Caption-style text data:
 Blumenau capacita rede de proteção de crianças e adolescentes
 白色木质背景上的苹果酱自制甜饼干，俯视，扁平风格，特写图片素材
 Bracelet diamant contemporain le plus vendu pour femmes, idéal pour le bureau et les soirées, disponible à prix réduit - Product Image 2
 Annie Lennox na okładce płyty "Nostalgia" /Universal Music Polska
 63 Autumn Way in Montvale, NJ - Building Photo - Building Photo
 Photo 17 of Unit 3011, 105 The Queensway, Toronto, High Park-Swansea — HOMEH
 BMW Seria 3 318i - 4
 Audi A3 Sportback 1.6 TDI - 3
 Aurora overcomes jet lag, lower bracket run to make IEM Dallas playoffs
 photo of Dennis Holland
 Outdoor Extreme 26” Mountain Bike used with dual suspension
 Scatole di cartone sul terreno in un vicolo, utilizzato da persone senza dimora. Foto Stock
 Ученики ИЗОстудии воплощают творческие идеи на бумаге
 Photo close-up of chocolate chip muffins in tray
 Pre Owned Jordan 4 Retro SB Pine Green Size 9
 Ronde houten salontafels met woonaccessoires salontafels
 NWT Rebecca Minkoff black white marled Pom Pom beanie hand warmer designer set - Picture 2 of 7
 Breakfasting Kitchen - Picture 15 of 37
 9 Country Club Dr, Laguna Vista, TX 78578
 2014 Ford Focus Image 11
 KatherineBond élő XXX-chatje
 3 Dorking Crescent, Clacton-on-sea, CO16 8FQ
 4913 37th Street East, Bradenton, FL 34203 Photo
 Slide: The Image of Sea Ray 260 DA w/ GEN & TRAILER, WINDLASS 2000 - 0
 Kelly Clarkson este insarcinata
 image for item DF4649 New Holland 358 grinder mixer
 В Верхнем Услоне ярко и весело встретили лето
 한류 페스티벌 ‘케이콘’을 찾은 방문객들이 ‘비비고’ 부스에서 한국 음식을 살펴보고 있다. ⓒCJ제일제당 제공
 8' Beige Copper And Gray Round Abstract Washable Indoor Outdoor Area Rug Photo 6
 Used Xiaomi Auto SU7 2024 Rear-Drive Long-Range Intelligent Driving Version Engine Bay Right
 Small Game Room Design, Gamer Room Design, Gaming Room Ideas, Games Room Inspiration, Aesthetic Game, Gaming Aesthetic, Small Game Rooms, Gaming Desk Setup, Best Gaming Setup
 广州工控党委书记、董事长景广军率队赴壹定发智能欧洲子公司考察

### Exercise goal
Only the lines above from the one with "Ronde houten salontafels" up to and including the one with "8' Beige Copper" should be repeated, exactly as written.

### Task result
 Ronde houten salontafels met woonaccessoires salontafels
 NWT Rebecca Minkoff black white marled Pom Pom beanie hand warmer designer set - Picture 2 of 7
 Breakfasting Kitchen - Picture 15 of 37
 9 Country Club Dr, Laguna Vista, TX 78578
 2014 Ford Focus Image 11
 KatherineBond élő XXX-chatje
 3 Dorking Crescent, Clacton-on-sea, CO16 8FQ
 4913 37th Street East, Bradenton, FL 34203 Photo
 Slide: The Image of Sea Ray 260 DA w/ GEN & TRAILER, WINDLASS 2000 - 0
 Kelly Clarkson este insarcinata
 image for item DF4649 New Holland 358 grinder mixer
 В Верхнем Услоне ярко и весело встретили лето
 한류 페스티벌 ‘케이콘’을 찾은 방문객들이 ‘비비고’ 부스에서 한국 음식을 살펴보고 있다. ⓒCJ제일제당 제공
 8' Beige Copper And Gray Round Abstract Washable Indoor Outdoor Area Rug Photo 6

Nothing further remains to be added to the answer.